▶ ASSIGNED TASK
Without its pictures, the listing below is to be transcribed exactly.
*** COLLECTED DATA ***
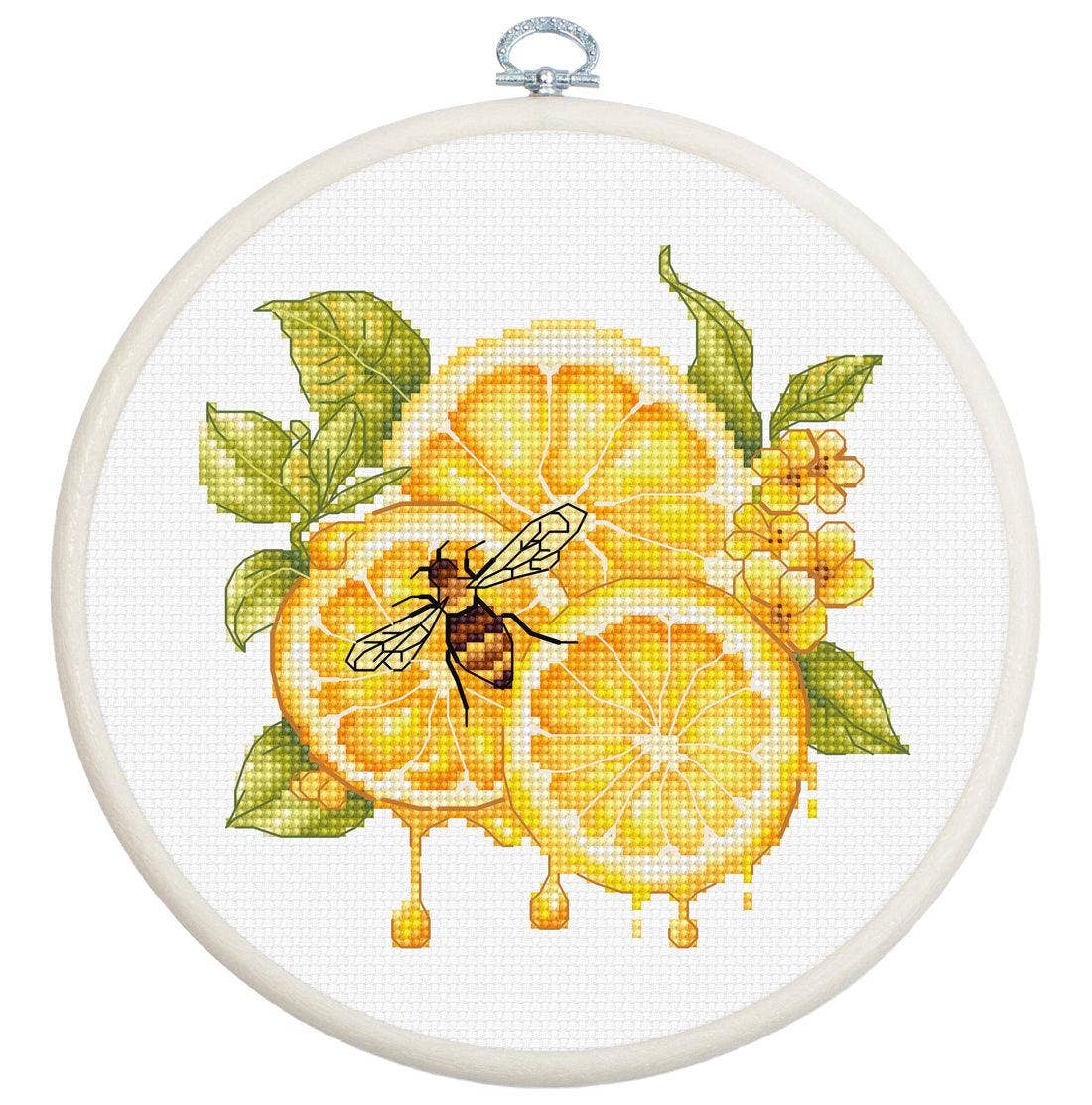 Luca-S Group - Cross Stitch Kit with Hoop Included Luca-S - The Lemon Juice, BC234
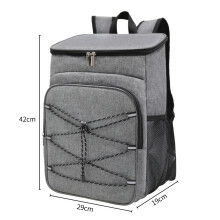 Leichter wasserdichter Isolierrucksack für 28 Dosen, grau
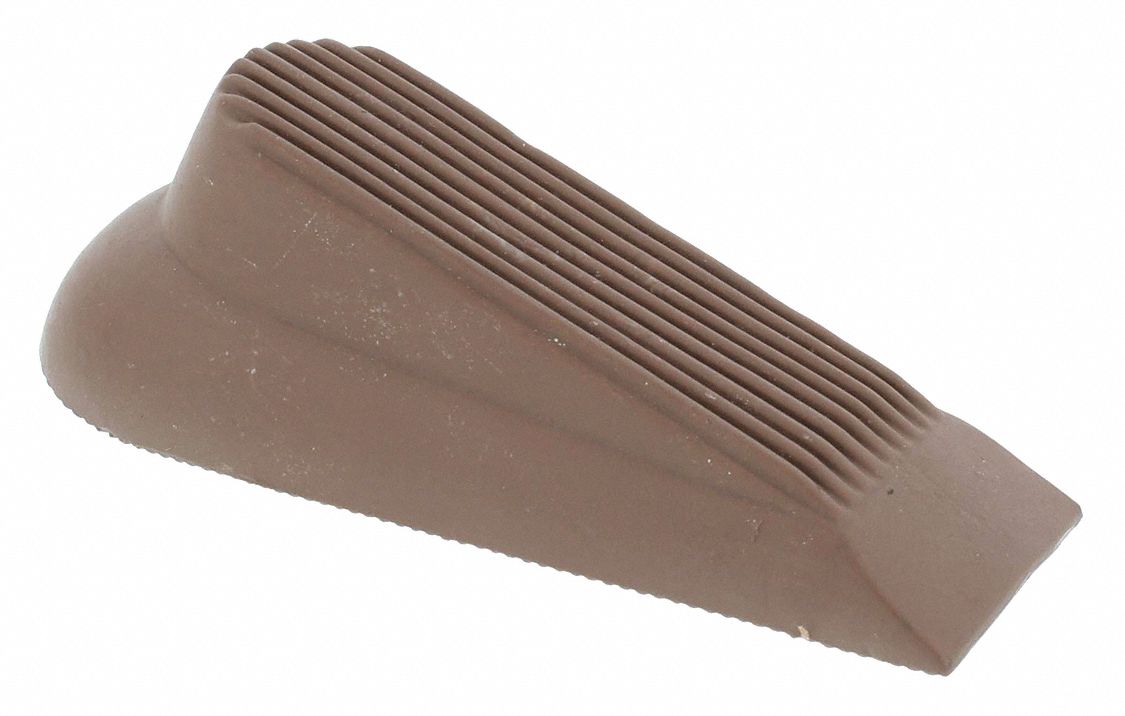 GRAINGER APPROVED Rubber, Door Stop, Rubber Finish, 1 1/2 in Projection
*** End of COLLECTED DATA ***
▶ OUTPUT FOR THIS TASK
 Luca-S Group - Cross Stitch Kit with Hoop Included Luca-S - The Lemon Juice, BC234
 Leichter wasserdichter Isolierrucksack für 28 Dosen, grau
 GRAINGER APPROVED Rubber, Door Stop, Rubber Finish, 1 1/2 in Projection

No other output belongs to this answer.